THE yswara tea philosophy

The YSWARA Tea Philosophy is an Afro-Zen TEA philosophy in which diverse, cross cultural elements combine in the ritualised art of tea.

Each pour and sip blends the solitary meditative minimalism of Asia’s ancient tea cultures with the gregarious, abundant communion of African hospitality.

Here’s how… 


From the Chinese Tao of Tea we draw gracious, spiritual strength. In its associated Chadao tea ceremony we find individual insights into mindful, harmonious inner peace. In the Japanese concept of Wabi-Sabi we celebrate transience of all things and acknowledge that there is beauty in the imperfect, impermanent and incomplete.

From the traditional Ubuntu value system of Southern Africa we gather up the permanent bonds of community, hospitality and humanity. In West African Teranga practices we find an inspirational generosity of spirit. Ubuntu is a Zulu language word and concept which conveys a sense that a person is a person through their connections with other people. Within Ubuntu universal bonds of sharing are the essential essence of humanity.

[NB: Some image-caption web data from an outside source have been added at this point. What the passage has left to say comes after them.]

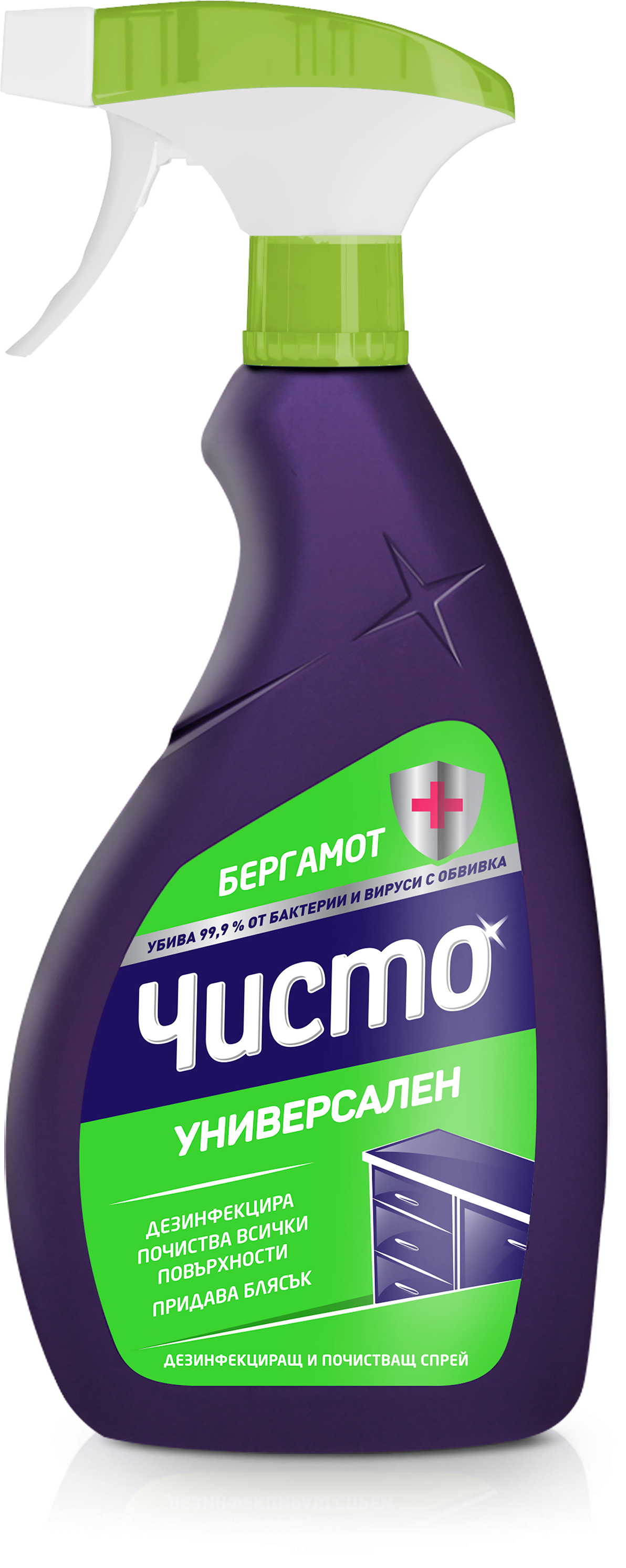 ЧИСТО Универсален спрей почистващ повърхности , 700 мл.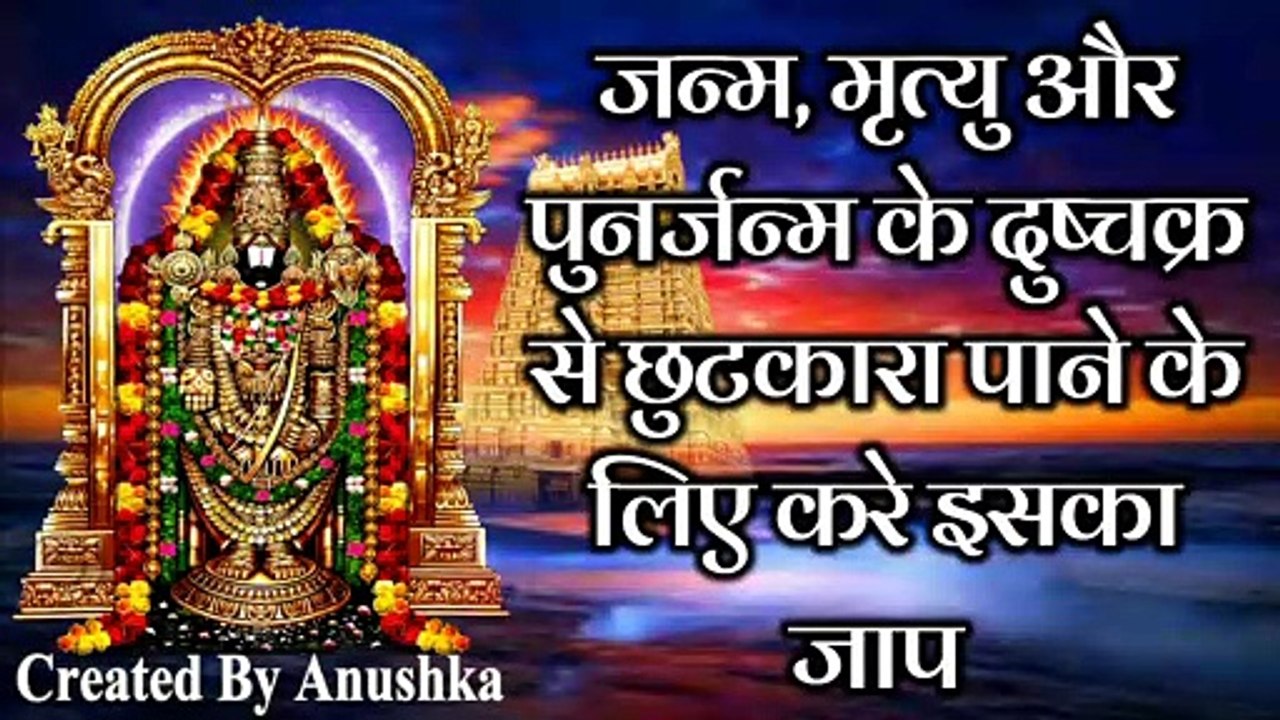 Shree Venkateswara Ashtothram -  Morning Special Mantra - Chant this to get rid of the vicious cycle of birth, death and rebirth - Holy Mantra
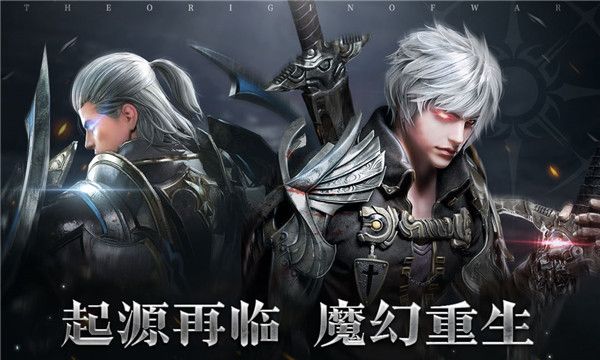 起源战纪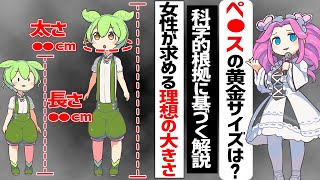 女を沼らせる理想のサイズ【ずんだもん解説】 [upl. by Atinuaj]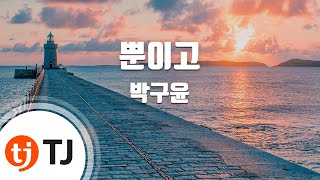 TJ노래방 뿐이고  박구윤  TJ Karaoke [upl. by Caria]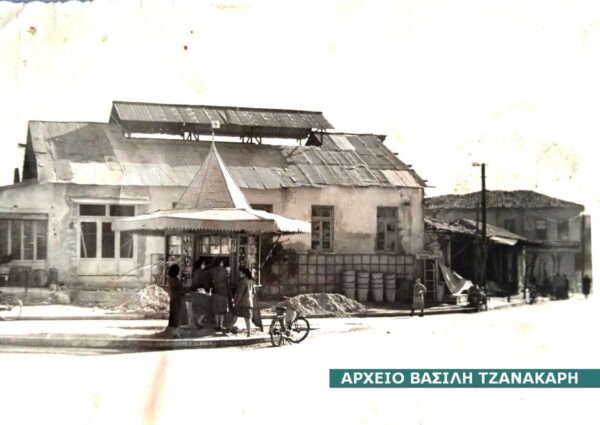 Τα Σέρρας που έφυγαν: Το περίπτερο του "μπάρμπα-Χρήστου" στην παλιά Δημοτική Αγορά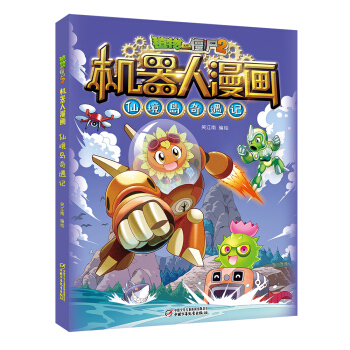 植物大战僵尸2机器人漫画·仙境岛奇遇记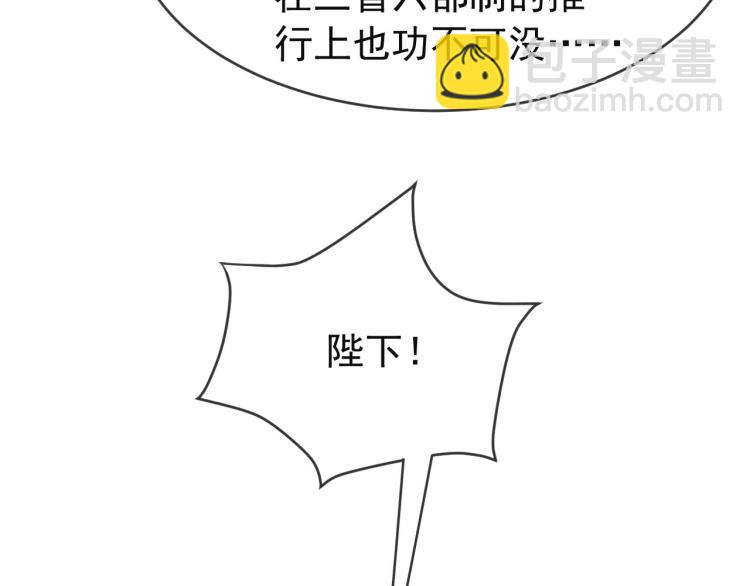 皇上，萬萬不可！ - 第21話 小皇帝這是在炫耀？(2/2) - 6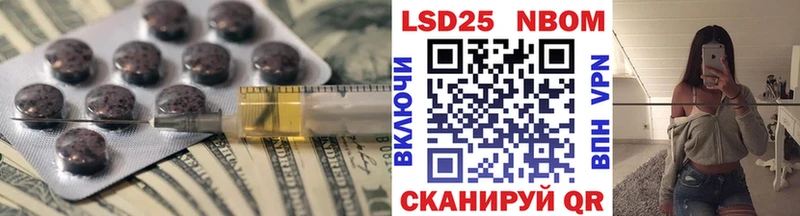 Лсд 25 экстази кислота  Дюртюли 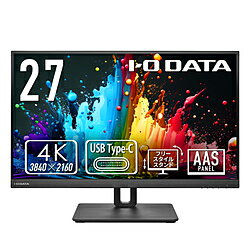 Rakuten - 【中古】IO DATA(アイオーデータ) 〔展示品〕 LCD-CU271AB-FX フリースタイルスタンド【291-ud】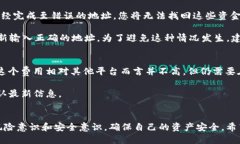 如何从火币提取USDT到TP 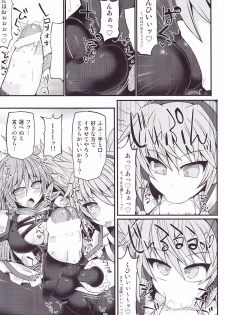 (Shuuki Reitaisai 2) [Stapspats (Hisui)] Gensoukyou Futanari Chinpo Wrestling 7 Hijiri VS Miko (Touhou Project) - page 22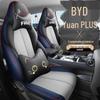 BYD Yuan Plus All-Season Leather Seat Cover – Universal Full Coverage Cushion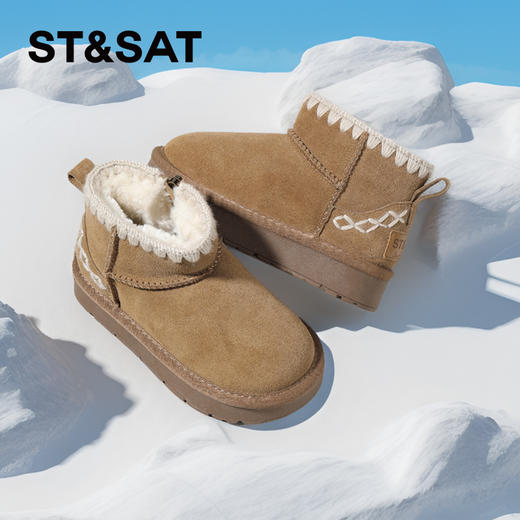 【童鞋】星期六简约百搭防滑加绒加厚雪地靴SSC419DL71 商品图0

The term Teranga comes from the Senegalese Wolof language and is often translated into English as ‘hospitality’, but the full extent of Teranga’s munificence is reflected in the Senegalese proverb which holds that, ‘a visitor or stranger is a king and should be treated as such.’ Within these African ethical codes wealth measured not by the quantity of possessions but rather by the manner in which such blessings are shared.

At Yswara we see Tao and Teranga as aspects of a greater whole. For us Ubuntu and Wabi Sabi complete circles of being to form a global understanding.

We recognise that wisdom is drawn from tea taken in solitary contemplation but that it also rises clear and true from the empathetic communion of humanity.

Each Yswara tea is infused with precious insight into the multifaceted magnificence of the global human spirit.

The conversation between the tea and oneself is far more important than anything that needs to be said out loud—if one wishes to listen.